A model is an abstraction, a physical abstraction of an object or a conceptual abstraction of a situation. An architect might use a cardboard physical model to illustrate a proposed building. Conceptual models can represent complex systems like population dynamics, economics, or schooling fish. By “complex systems” I mean the things described in Blog 2 and Blog 3, situations with many independent agents governed by nonlinear rules of interaction among the agents and their surroundings. A conceptual model often takes the form of a set of equations with which the system can be simulated by computer, thereby becoming a “computer model.” Note I said simulated by computer, not solved by computer.
Let’s consider things that evolve in time, like the economy, the weather, or traffic. The term, “solved” implies a closed-form solution, which is an equation (or set of equations) into which you can put a value of time and calculate the future situation in a single step. For example, if you travel at 50 miles per hour, your distance is 50 multiplied by time.
X = 50*T
Put in any value for time; you get the value for distance. In 10 hours X is 500 miles. But a complex system has a whole set of equations, such as one equation for the movement of each ant around an anthill, where each ant moves randomly until it either finds food or it finds smells left on the ground by other ants that carry food.

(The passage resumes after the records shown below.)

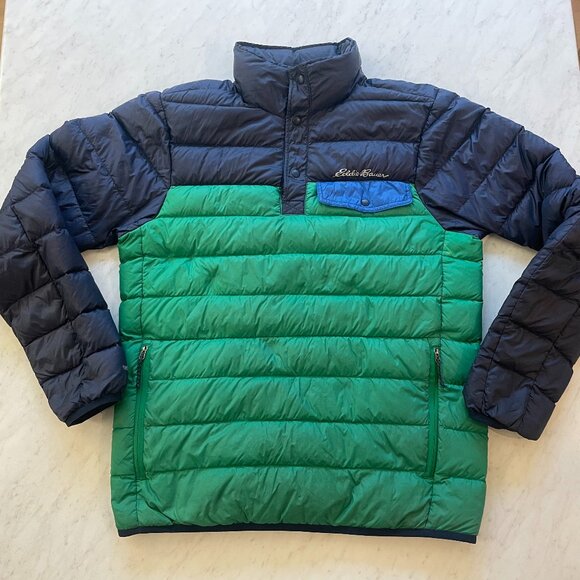 Eddie Bauer Men's "Stratuslite" Down Puff Snap Mock - Picture 1 of 9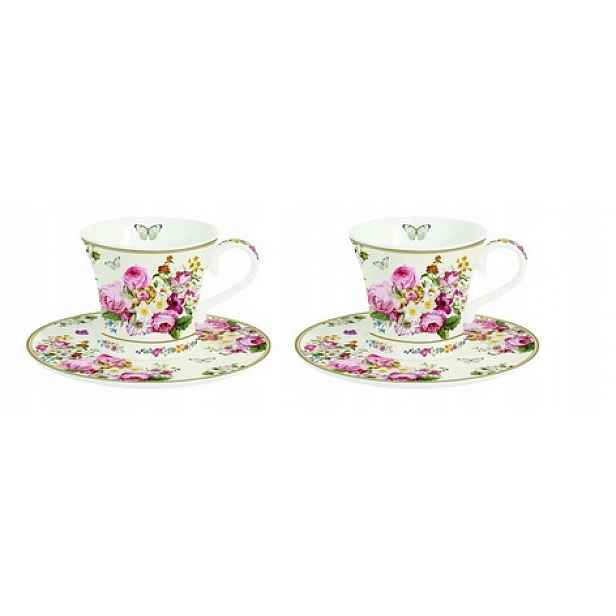 Sada šálků na espresso 80 ml – Porcelán s květinovým barevným vzorem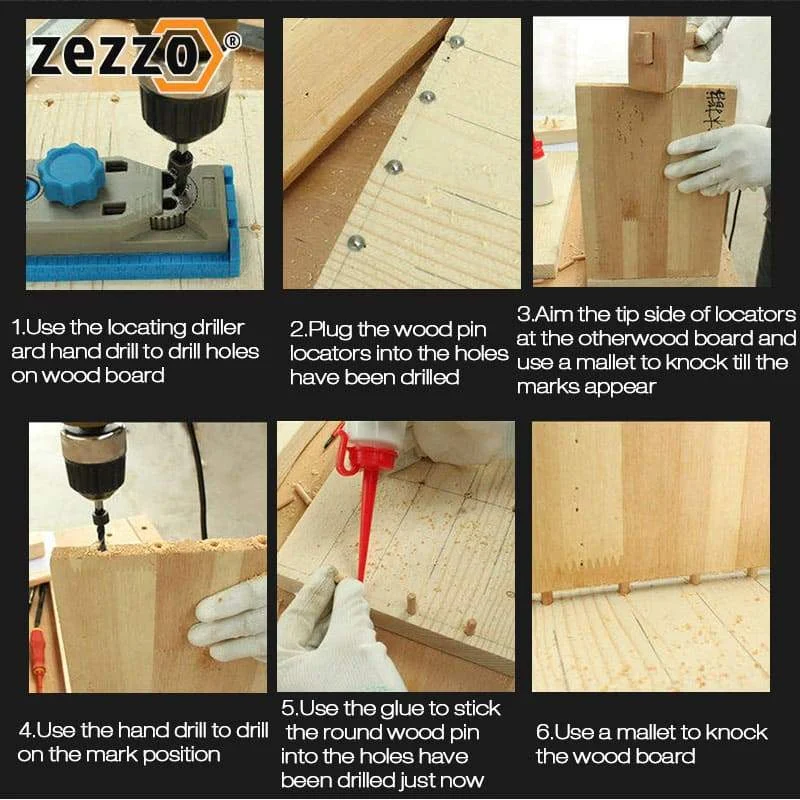 6 Chiếc Gỗ Pin Thiết Bị Định Vị Bộ 4Mm-12Mm Đa Dowel Trung Tâm Điểm Bộ Dụng Cụ Chung Căn Chỉnh Pin gỗ Gỗ Bút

For such a system, there is no closed-form solution. You need a computer to adjust the direction and speed of each ant at a particular instant of time, then move each ant slightly and update the map of smells before performing the whole calculation all over again for another small step in time. This is a simulation, resulting in a movie that depicts the location of every ant, the food moved, and the smelly tracks of the food-carriers. You can see a short clip of the anthill simulation, or click for the entire 7-minute presentation offered by the Santa Fe Institute.
A model can reveal emergent properties of the system—for example, how the ants form tracks to food. Repeated runs of the model with different parameters can reveal the effects of a rapidly dissipating smell-track, or even the effects of garlic in the limburger if the equations include the dietary preferences of ants.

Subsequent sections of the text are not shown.